Джордан на всех порах рванул в игру и в первой половине матча обеспечил своей команде лидерство в счете. В той игре его соперниками были американцы, ему было проще читать их действия на площадке. Первые мгновения он оценивал обстановку, но потом принялся атаковать в яростном джордановском стиле, выдавая перехваты в фантастических объемах, прорубая себе дорогу к кольцу, дразня соперников трехочковыми, а когда игра замедлялась, он брал мяч и вставал спиной к оппонентам, просто чтобы проверить их на прочность.
«На площадке он – настоящая сволочь», – вспоминал Сонни Ваккаро свои тогдашние мысли.
Джордан, быть может, и не знал, как себя вести с протестной политикой, зато от соревновательной борьбы он никогда не уклонялся. Присутствующие увидели «любовь к игре» во плоти, в обличии одного человека на площадке. Вместо того чтобы играть ограниченное количество времени в каждой половине, Джордан полностью поглотил всю игру. «Он играл за команду А всю первую половину, 20 минут, – вспоминал Ваккаро. – А потом в перерыве поменял майку и стал играть за команду B».

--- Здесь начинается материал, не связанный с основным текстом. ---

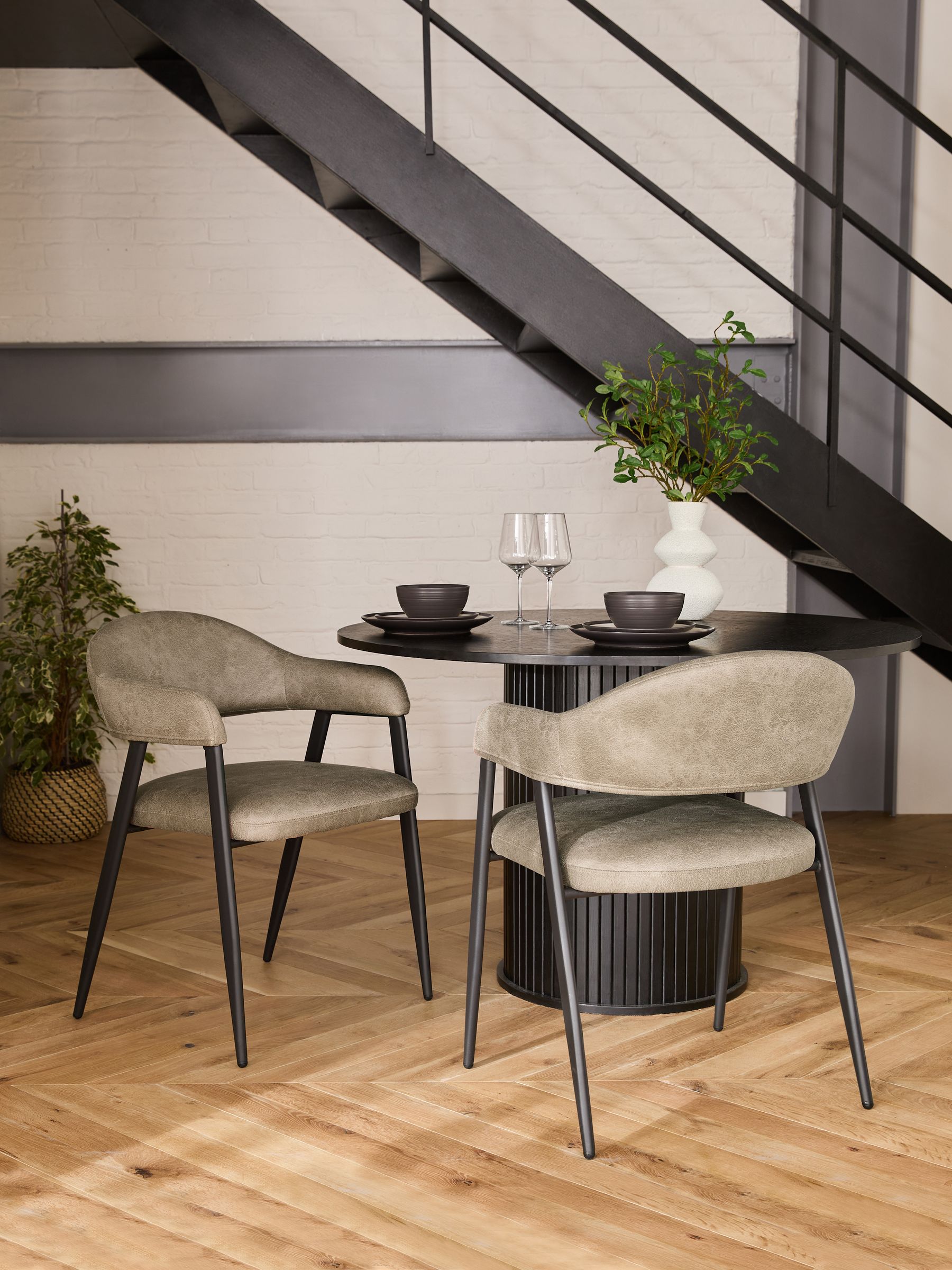 Buy Set of 2 Monza Faux Leather Mink Brown Nora Dining Chairs from the Next UK online shop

В перерыве счет был, если память не изменяет Ваккаро, «40: 25 в пользу команды Майкла. Потом он поменял майку и стал играть за противоположную команду».
Игроки, которых он только что унижал, теперь стали его партнерами, как это бывало на тренировках «Буллз», когда Даг Коллинз решал вдруг перебрасывать его из одной команды в другую. Так что Джордан стал оценивать свой новый состав и пытаться понять, кто тут может за себя постоять, а кто нет. «Вы уже можете предсказать концовку этой истории, – говорил Ваккаро. – В конце игры счет был 82: 80. Майкл победил самого себя. Он отыграл все 40 минут игры вместе с солдатами».

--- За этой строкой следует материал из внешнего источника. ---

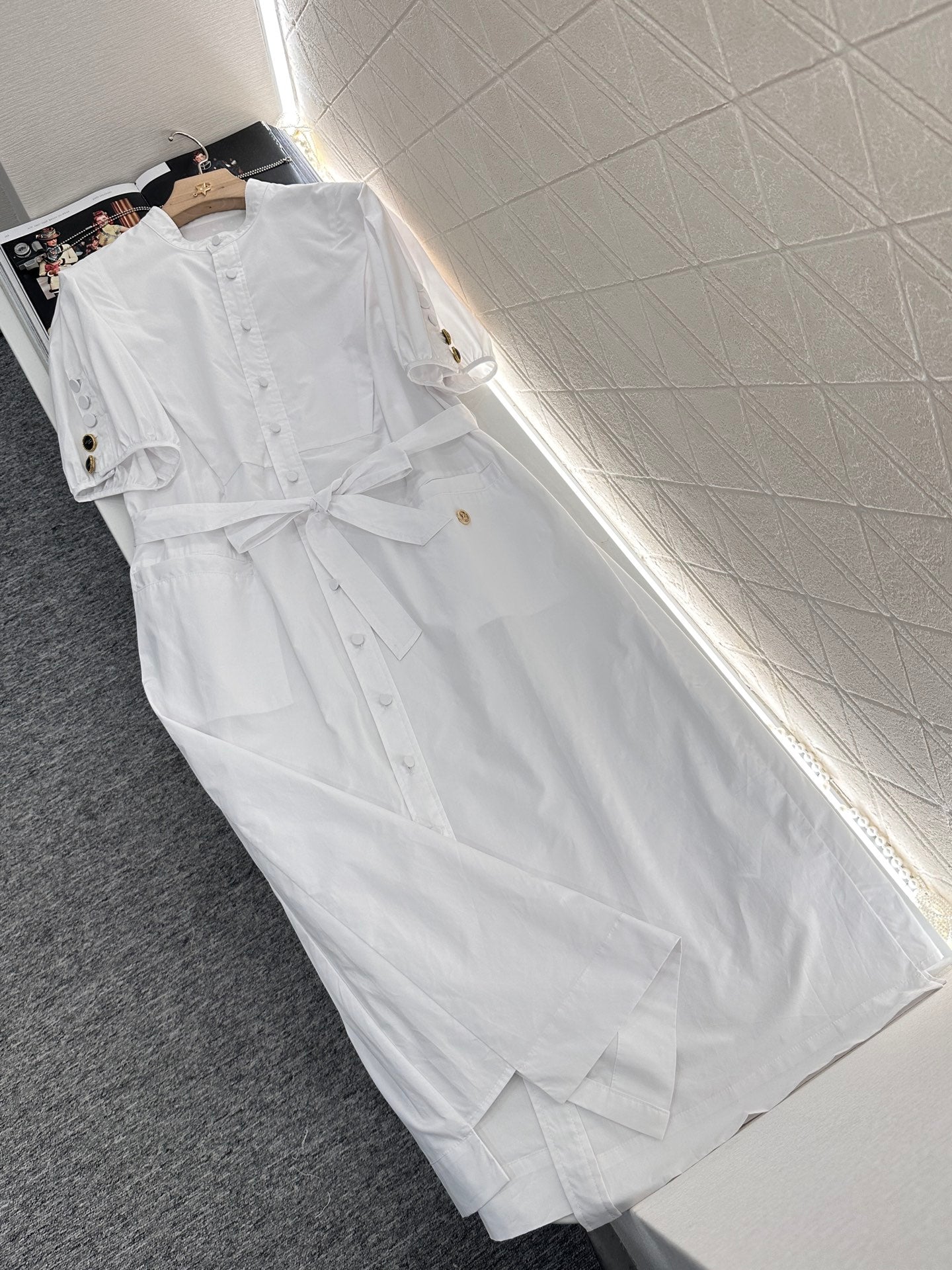 2025 Summer New Round Neck Button Belt Dress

Настоящая маркетинговая работа началась на барселонском этапе турна: в столице Каталонии вовсю шла подготовка в летней Олимпиаде 1992 г. Джордан совершил несколько широко освещавшихся в СМИ визитов в офисы Nike, олимпийского комитета, даже в офисы Ассоциации баскетбольных клубов – офисы Испанской лиги. «Они хотели, чтобы Майкл приехал в Барселону, и он приехал и даже символически копнул лопатой на месте нового стадиона, который строили к Олимпиаде-1992, – объяснял Ваккаро. – Он дал одну пресс-конференцию в Мадриде, а другую – в Барселоне. Он был членом жюри на конкурсе слэм-данков, проходившем по ходу уик-энда Всех Звезд Испанской лиги, который устроил для молодежи Nike».
И вновь он сыграл против самого себя, на этот раз в компании испанских профессионалов. Джордану потребовалось чуть больше времени, чтобы научиться читать ходы своих европейских оппонентов, игру которых он пытался раскусить. В этом ему помог олимпийский опыт 1984 г. Он исполнил несколько джамперов, собрался, а затем принялся за работу – к восторгу зрителей, до отказа заполнивших арену в Барселоне.
Толпы испанских болельщиков восторженно встречали каждое движение Майкла, после чего и СМИ, и сами фанаты на один лад стали объявлять о том, что «бог баскетбола» спустился с небес на землю в их присутствии. Грандиозный прием, устроенный Джордану, был чем-то похож на церемонию коронации, что ему устроят в Барселоне двумя годами позже. «Мероприятие здорово разрекламировало Nike, – говорил Ваккаро о своем замысле. – Теперь Майкл стал иконой».